Diviser pour gagner est contre productif

En effet, par le passé, les leaders de l’opposition tchadienne partent toujours en ordre dispersé aux précédents scrutins présidentiels. Cette stratégie, semble-t-il, vise l’émiettement des voix pour empêcher le candidat du pouvoir de gagner dès le premier tour. A contrario, ce système peut conduire l’opposition à mettre de son côté la chance de figurer tout d’abord au deuxième tour avant de reporter ses voix sur l’un de ses candidats bien placé pour remporter la présidentielle. Mais, l’histoire renseigne également que cette stratégie ne profite pas à l’opposition, mais fait le lit de la victoire du président sortant, en l’occurrence Idriss Déby Itno. Celui-ci gagne sans coup férir toutes les élections présidentielles. 
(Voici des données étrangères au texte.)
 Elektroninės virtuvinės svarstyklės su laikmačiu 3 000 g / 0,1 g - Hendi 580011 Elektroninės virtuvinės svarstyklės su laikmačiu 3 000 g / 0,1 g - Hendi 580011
Par ailleurs, cette multiplicité de candidatures de l’opposition cache, en réalité, la difficulté des opposants tchadiens à présenter un candidat unique à l’élection présidentielle. Depuis toujours, la classe politique tchadienne est déchirée par des luttes d’influence. Les leaders de l’opposition ont de la peine à accorder leurs violons sur les enjeux électoraux (Cf. Tchad et Culture n°375, 379), même si, par moment, ils s’efforcent de faire un jeu collectif autour de l’amélioration du cadre électoral. Par exemple, l’accord du 13 août 2007 signé avec la majorité présidentielle en vue du renforcement du processus démocratique au Tchad. Souvent, on assiste à des ralliements contre nature. Peu de Tchadiens ont vocation à rester éternellement opposants. Las d’attendre l’alternance au pouvoir, certains ténors de l’opposition rallient le pouvoir en place. Argument avancé : on ne peut exister politiquement si on n’a pas participé à la gestion du pouvoir politique. Du coup, on observe des alliances qui se nouent et se dénouent au sein de l’opposition elle-même et avec le parti au pouvoir. Ces voltefaces interviennent généralement à l’approche imminente des consultations électorales. Le plus grand perdant de ces transhumances politiques est bel et bien l’opposition qui se discrédite totalement aux yeux de la population. 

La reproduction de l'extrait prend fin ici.